The Sentencing Commission has tried to amend the money laundering guidelines to reduce the tremendous disparity between the punishment for the less serious predicate offenses and the money laundering offenses. But Congress rejected the Commission's proposals at the urging of the DoJ. The Commission is working on another such reform of the laundering guidelines. I hope Congress will not reject this vitally needed change again. I do agree with the DoJ that the sentencing guidelines for fraud offenses are too low and that a reform of the money laundering guidelines should be accompanied by an increase in the punishment for fraud offenses.

Section 1956 also needs fundamental revision. The provision should be limited to true laundering of very large sums of money that involves either significant efforts at concealment of the proceeds of unlawful activity or the systematic avoidance of a transaction reporting requirement. It should not reach the mere deposit or withdrawal of criminal proceeds in a bank account "with the intent to promote the carrying on of specified unlawful activity." §1956(a)(1)(A)(i). Almost any deposit or withdrawal of criminal proceeds can be shown to have been made with such an intent. Why should a routine deposit or withdrawal of one dollar of criminal proceeds subject the person who makes the deposit or withdrawal to draconian penalties far in excess of the underlying criminal activity? Again, it makes no sense. But the DoJ isn't asking you to change that. It wants line prosecutors to be able to threaten defendants with these draconian penalties for "money laundering" in virtually every case, regardless of how inappropriate they are.

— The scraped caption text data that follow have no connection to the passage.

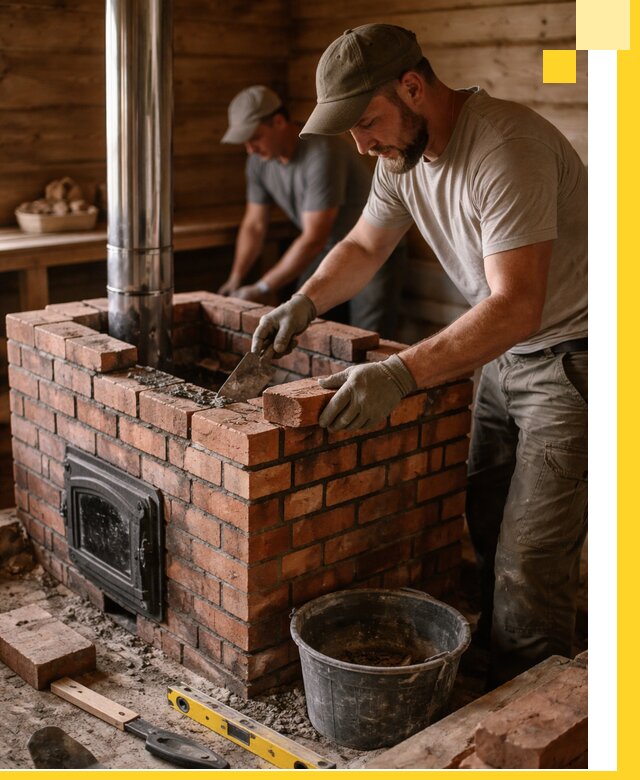 Кирпичные печи для бани под ключ в Магадане, проект и монтаж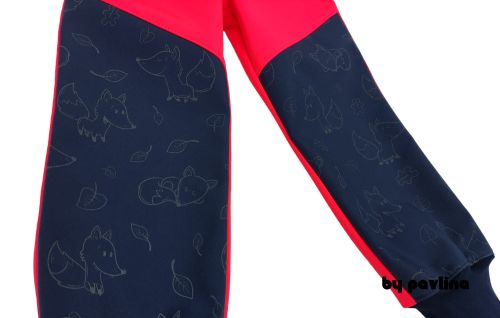 Dívčí zimní rostoucí softshellové kalhoty - Neon korálové + Reflexní lišky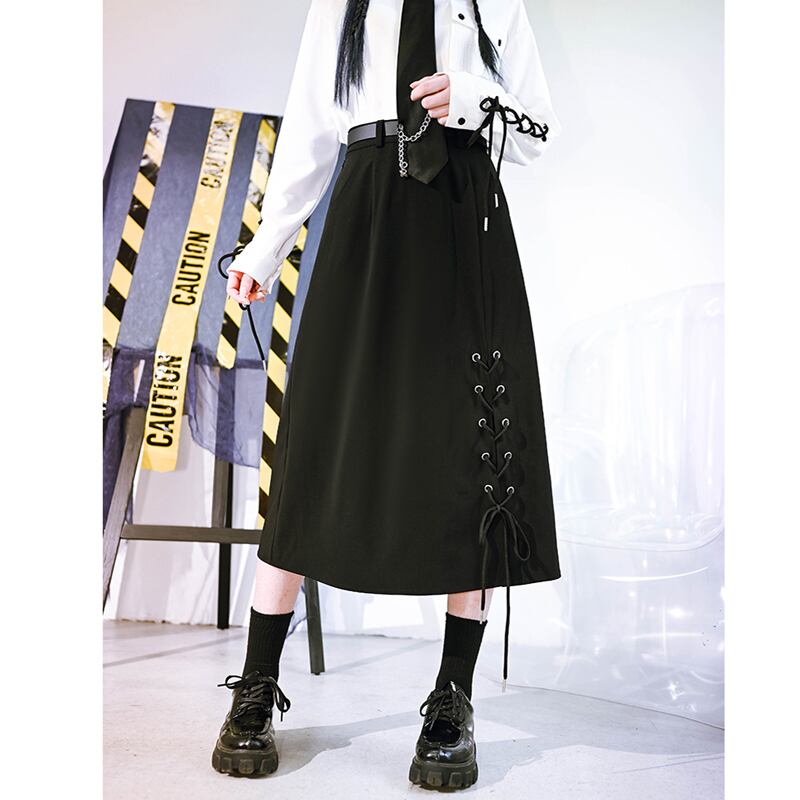 [Kokaisha---Yayo Overture Series] ★China style skirt★ Spring clothes Autumn clothes Bottoms Slit Black Black Street Black Black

That makes it easier to exact onerous guilty pleas. Unlike the RICO statute, which is also so broadly written that it can be used in almost any criminal case, the DoJ has never significantly restricted the line prosecutor's ability to charge money laundering whenever he sees fit. Because DoJ keeps a tight, central rein on the RICO statute, there are only about 75 federal RICO prosecutions each year, compared with thousands of money laundering indictments. Yet the money laundering statute is even more easily abused than the RICO statute. That is why it has become the newest darling in the prosecutors' nursery.

It is not only defense attorneys who object to this oppressive, freewheeling use of the ill-conceived money laundering statutes. The courts have also become increasingly concerned about the government's over-use of the money laundering laws. Some courts are allowing steep downward departures from the sentencing guidelines for money laundering or even mandating the use of the guideline for the less severely punished predicate offense to prevent what they regard as a manifest injustice. The best case to read on this important issue is U.S. v. Smith, 186 F.3d 290 (3d Cir. 1999). In Smith, the Third Circuit explains how the money laundering guidelines were written with the most serious, large-scale drug money laundering activity in mind--the type of activity the government told Congress the statute was designed to combat. The actual use of the money laundering statute as an indiscriminate blunderbuss weapon against the typical small-time defendant has been radically different from how the Commission expected the statute to be used. The statute has been misused to impose wildly disproportionate punishment on countless individuals and companies.

In conclusion, I would not support further expansion of the money laundering laws--however much some limited expansion of those laws may be needed to deal with problems like foreign money laundering--until they are fundamentally reformed. There should be a quid pro quo. If the government will not consider any reform, it should not be rewarded with further expansions of the scope of the statute and its enforcement powers.